Wetlands are crucial for fighting climate change. This relation is still quite unknown and not acknowledged yet by the Intergovernmental Panel on Climate Change (IPCC); the UN organisation that presented today’s report.
Wetland destruction is fuelling climate change. More than 8% of all global CO2 emissions originate from the destroyed wetlands of just South-east Asia. In this region, huge area of peatlands are drained. The organic peat oxidises because of this, resulting enormous CO2 emissions. A recent scientific study reveals this clearly (see www.wetlands.org/peat-co2).
Wetlands are also the ecosystems that are able to function as carbon sinks. Forests can only store a limited amount of carbon. Many wetland types however are storing carbon as an ongoing process, in the form of peat. In this way, the amount of carbon comparable with 70 years of the current CO2 emissions is stored in wetlands.
Finally, wetlands can mitigate the extreme weather events that result from climate change.

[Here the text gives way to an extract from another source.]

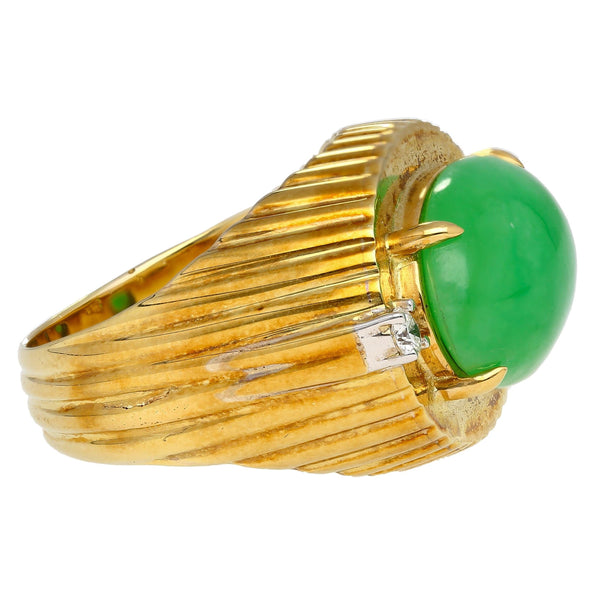 Bague en jadéite Fei Cui type A de 9,40 carats et diamants en or 18K texturé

Just two examples: peatlands and other marshes can store huge amounts of fresh water after extreme rainfall. This prevents floods. The areas also slowly release freshwater during long dry periods. Coastal wetlands like coral reefs and mangroves strongly mitigate the impact of storms.
All these crucial links between wetland ecosystems and climate change are still hardly acknowledged. Wetlands International calls for more attention for this on Wetlands Day 2007.